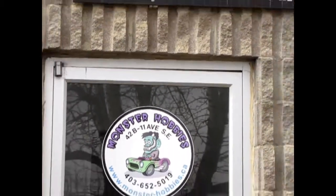What's in the box? Hello everybody, my name is Trevor Selescu and I'm the owner of Monster Hobbies in High River, Alberta, Canada.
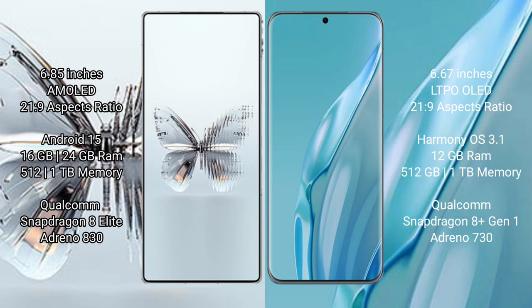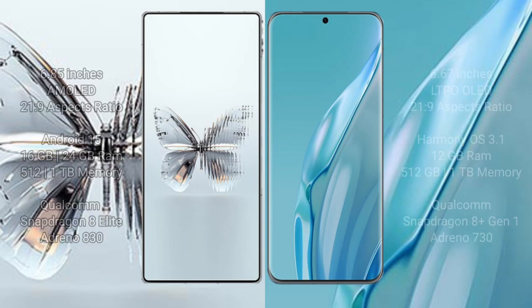The Red Magic 10 Pro Plus comes with 16GB or 24GB of RAM and 512GB or 1TB of internal storage, powered by the Qualcomm Snapdragon 8 Elite processor with GPU Adreno 830. The Huawei P60 Art comes with 12GB of RAM and 512GB or 1TB of internal storage, powered by the Qualcomm Snapdragon 8 Gen 1 processor with GPU Adreno 730.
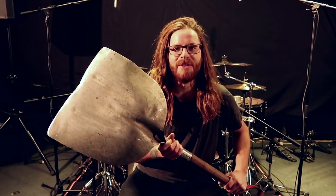Hey everybody, welcome back. If you've seen any of my videos in the past, you know I like to play on random objects. So today, we're gonna see what it's like to replace all your cymbals with a shovel.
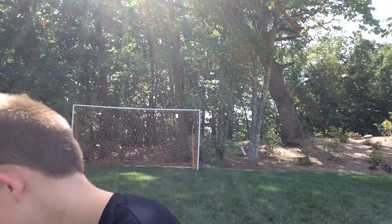Hey guys, Klukepop here, and today I'm doing another tutorial for you guys with soccer. I am going to show you how to kick a soccer ball with power.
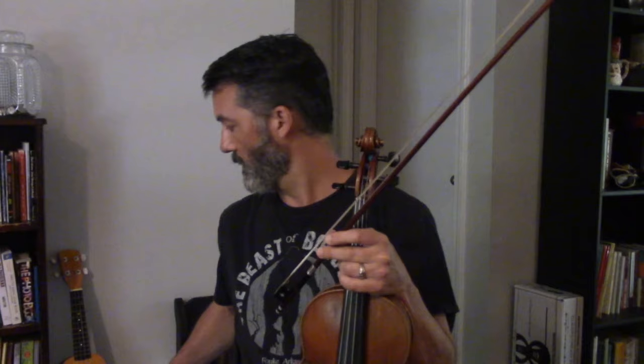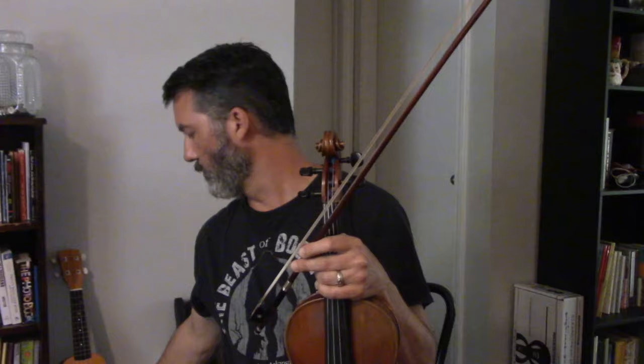When I do use a tuner, I just use my iPhone. There's an app called Clear Tune, which I know a lot of people use. And that's just on my iPhone — it's a tuner that can be used on any instrument at all.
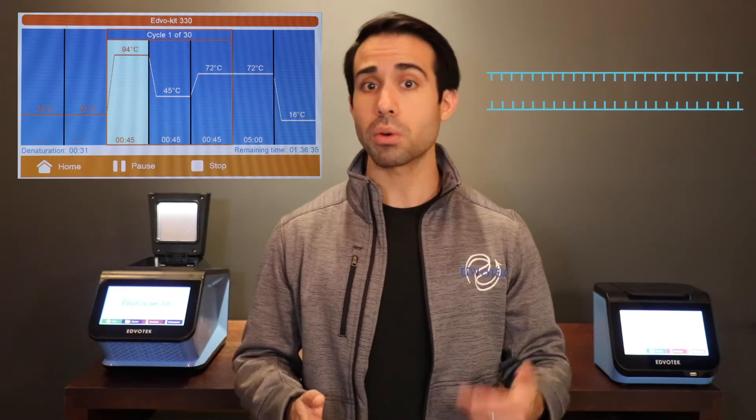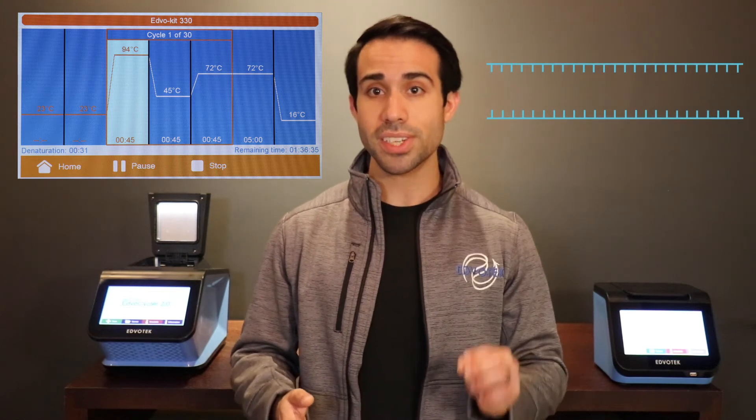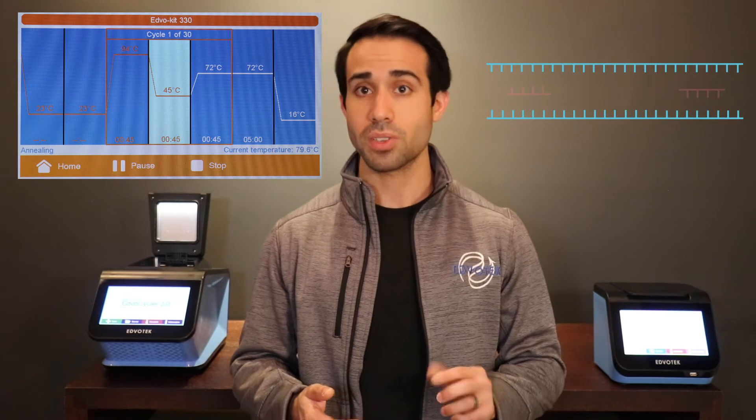Once your sample has been fully prepared, it can then be subjected to repeated cycles of heating and cooling to allow new DNA strands to be synthesized. The basic steps of a PCR cycle can be summed up like this. Step one: denaturation, where the sample is heated at a high temperature to separate or denature the DNA strands themselves. This results in a single-stranded DNA template needed for the next step.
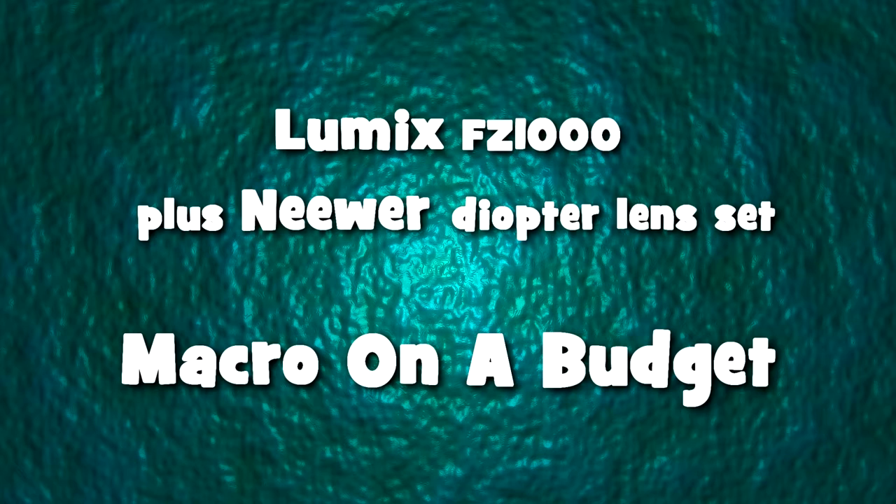I just thought I'd make this little film about macro filming on a budget, and I just wanted to show that you don't have to spend huge amounts of money to get decent macro footage, and indeed to make decent wildlife films in general. I hope the films that I post on my YouTube channel are a testament to that, especially if you can access YouTube through a 4K or HD smart TV.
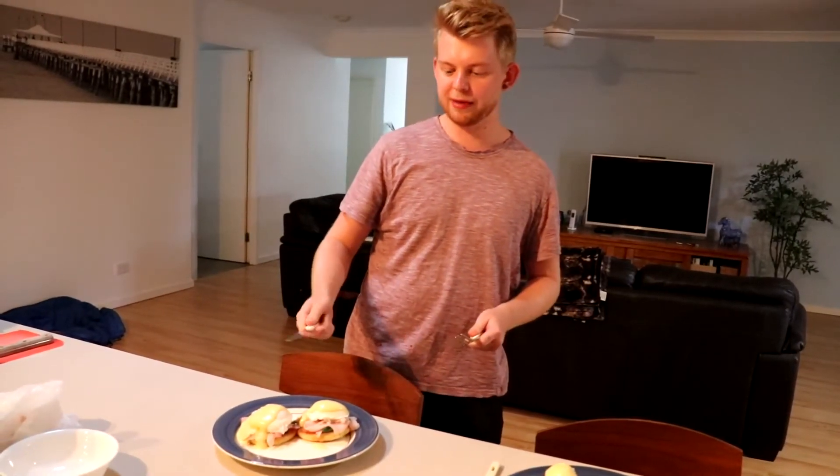So that's how you make a quick and easy eggs benedict. I reckon anyone can make this at home and I hope you enjoyed watching that video. Cheers!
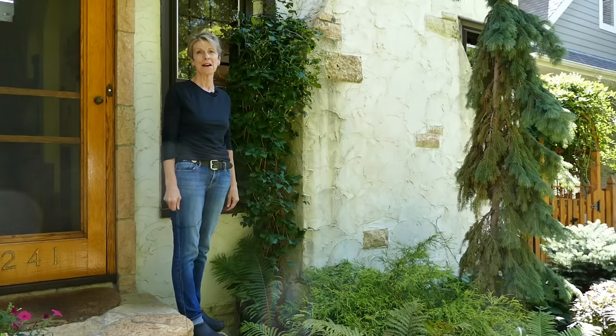Hi, I'm Roseanne and welcome to my garden. Today I'm going to be showing you how to take cuttings from my Clematis plant.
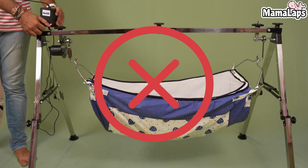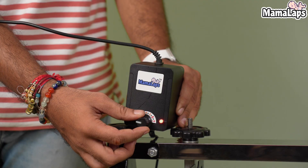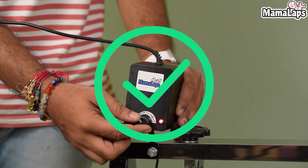Please do not increase the speed immediately up to the max. It's the wrong method to operate this cradle. Increase the speed gradually for getting proper swings.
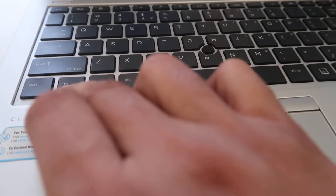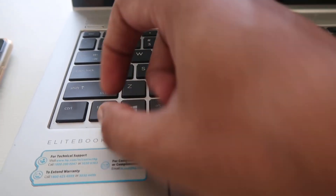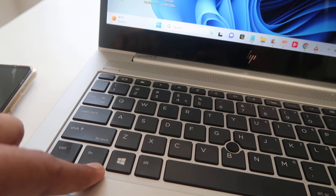What we can do: the fn key is on right now. Press this key and press the Shift button — that's it. The light is now off.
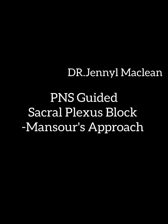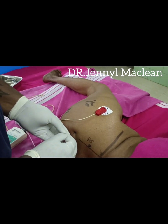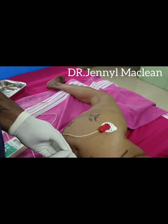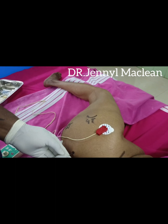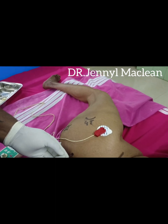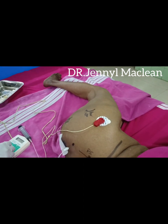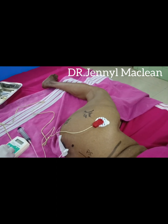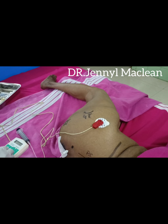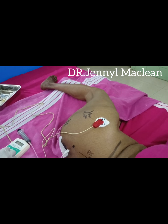Sacral plexus block, Mansour's approach. Posterior superior iliac spine, 6 cm below. Insert your needle. First you will elicit gluteus maximus contractions — that is by the inferior gluteal nerve — which means your needle direction is in the right plane. As you drive the needle 2 cm further, you will elicit plantar response or dorsiflexion.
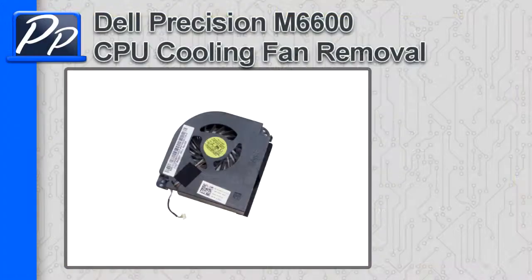Hey guys, it's Roscoe with Parts People. In this video, I'm going to show you how to remove the CPU cooling fan on a Precision M6600.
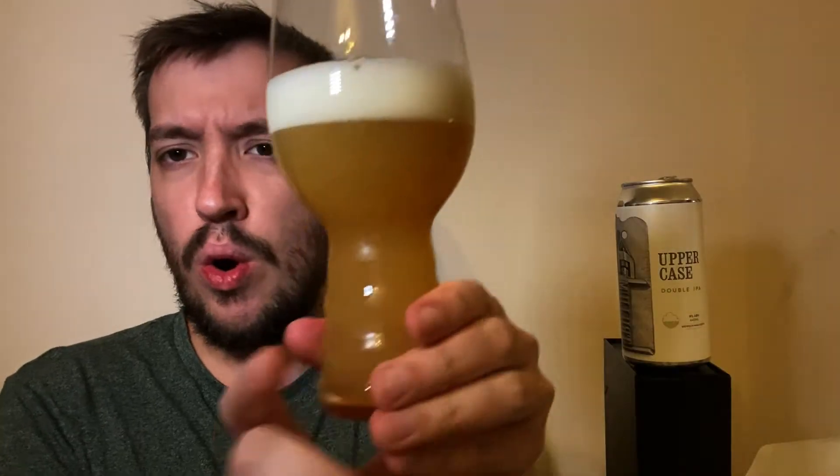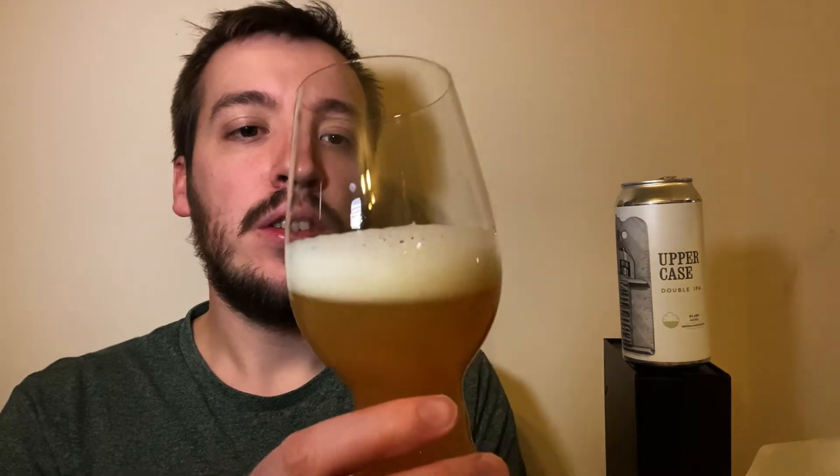Let's have a look at this then. Whoa. So we have an orangey, hazy little number there — frothy, rocky head on the top. Looks absolutely fantastic.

|---|

- **What the task requires**
Give back the lines word for word, from the very first in the material above to the one that has "Hi, I'm Roseanne", both included, without the pictures.

- **Written answer**
What's in the box? Hello everybody, my name is Trevor Selescu and I'm the owner of Monster Hobbies in High River, Alberta, Canada.
The Red Magic 10 Pro Plus comes with 16GB or 24GB of RAM and 512GB or 1TB of internal storage, powered by the Qualcomm Snapdragon 8 Elite processor with GPU Adreno 830. The Huawei P60 Art comes with 12GB of RAM and 512GB or 1TB of internal storage, powered by the Qualcomm Snapdragon 8 Gen 1 processor with GPU Adreno 730.
Hey everybody, welcome back. If you've seen any of my videos in the past, you know I like to play on random objects. So today, we're gonna see what it's like to replace all your cymbals with a shovel.
Hey guys, Klukepop here, and today I'm doing another tutorial for you guys with soccer. I am going to show you how to kick a soccer ball with power.
When I do use a tuner, I just use my iPhone. There's an app called Clear Tune, which I know a lot of people use. And that's just on my iPhone — it's a tuner that can be used on any instrument at all.
Once your sample has been fully prepared, it can then be subjected to repeated cycles of heating and cooling to allow new DNA strands to be synthesized. The basic steps of a PCR cycle can be summed up like this. Step one: denaturation, where the sample is heated at a high temperature to separate or denature the DNA strands themselves. This results in a single-stranded DNA template needed for the next step.
I just thought I'd make this little film about macro filming on a budget, and I just wanted to show that you don't have to spend huge amounts of money to get decent macro footage, and indeed to make decent wildlife films in general. I hope the films that I post on my YouTube channel are a testament to that, especially if you can access YouTube through a 4K or HD smart TV.
So that's how you make a quick and easy eggs benedict. I reckon anyone can make this at home and I hope you enjoyed watching that video. Cheers!
Hi, I'm Roseanne and welcome to my garden. Today I'm going to be showing you how to take cuttings from my Clematis plant.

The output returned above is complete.